A DIALÉTICA EM JOÃO PAULO II (2)




A contradição entre o estadista e a santidade resolvem-se em João Paulo II de maneira polêmica. Os conservadores adoram colocá-lo como o homem que acabou com o comunismo, mas o comunismo não acabou, o que implodiu foi a ditadura soviética, implantada pelo stalinismo. Nesse trabalho o Papa teve sua contribuição, mas nenhuma análise séria pode colocar exclusivamente nos seus ombros uma tarefa que depende, como nos ensina a História, de inúmeras confluências. Mais importante que o Papa foi o próprio Gorbatchev, um estadista radicalmente inovador. Com Gorbatchev tivemos a primeira oportunidade real de um mundo transfigurado pela transformação coletiva. Mas os americanos colocaram tudo a perder e retrocederam aos tempos anteriores à guerra fria, intensificando o ódio entre nações e o domínio dos outros povos. Eles acharam que a História tinha acabado, com a vitória dos Estados Unidos. Sonharam com uma Pax Americana idêntica à imaginada pelo Terceiro Reich, que queria o domínio do nazismo por mil anos. Até hoje acham que vão conseguir.
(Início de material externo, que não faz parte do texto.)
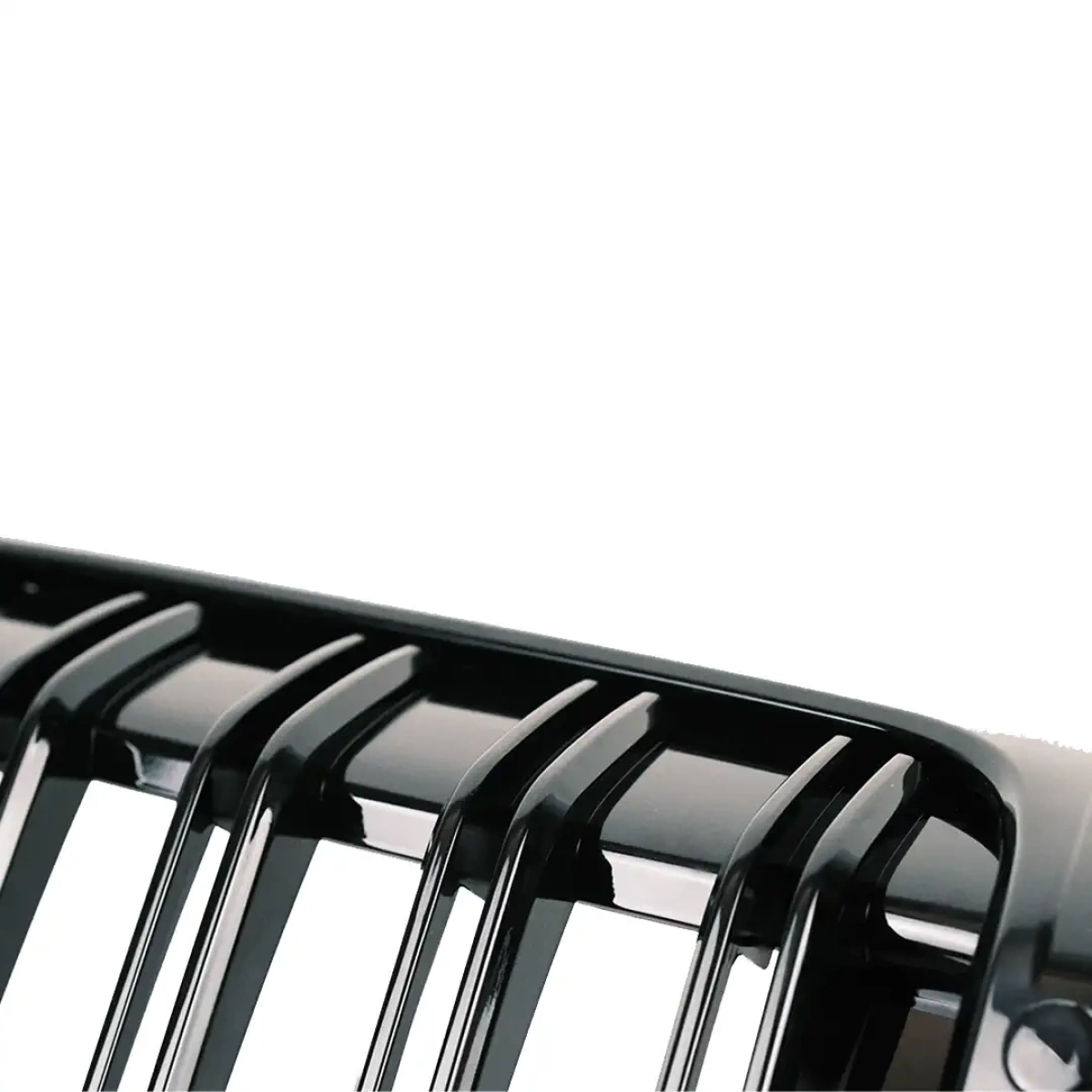 Drifton Bmw G20 LCI Double Slat Piano Black Panjur Böbrek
CHANCE - Por um tempo, com Gorby e Woytila, tivemos a chance de sonhar com uma outra vida, mas essa oportunidade se foi. A História não brinca em serviço. Por colocar-se no miolo de todos os conflitos, e nele manter sua integridade e a força do que representava, João Paulo II atingiu a santidade. Tivemos sorte. Vimos como se comporta alguém para tornar-se um verdadeiro santo: o homem que interrompeu uma missa para ouvir o chamado dos fiéis de uma mesquita; que calçou tênis, que beijou o planeta, que ouviu o coro do Exército Vermelho, em plena ditadura soviética, cantar ave Maria; que veio ao Brasil falar de reforma agrária e de crianças assassinadas; que riu sinceramente dos palhaços que se apresentavam para ele; que chamou Alá de Deus; que falou em medo e coragem; que perdoou o assassino que atentou contra sua vida; que viu e foi visto por todos os habitantes da terra. O Papa sempre nos emocionou por ser o que sempre foi, mas principalmente porque vivemos numa época em que as pessoas admiráveis pertencem ao passado. Quem você admira hoje? Muito poucos. João Paulo II era uma das minhas predileções, não por eu ser católico desde o nascimento, já que sempre desgostei de Pio XII e achava o Paulo VI algo sem vida. Gosto sinceramente do cardeal Woytila. Ele se foi e é nosso privilégio invocá-lo em nossas orações, pedir que interceda diretamente ao Altíssimo para que tenhamos a mesma coragem de cumprir nosso destino.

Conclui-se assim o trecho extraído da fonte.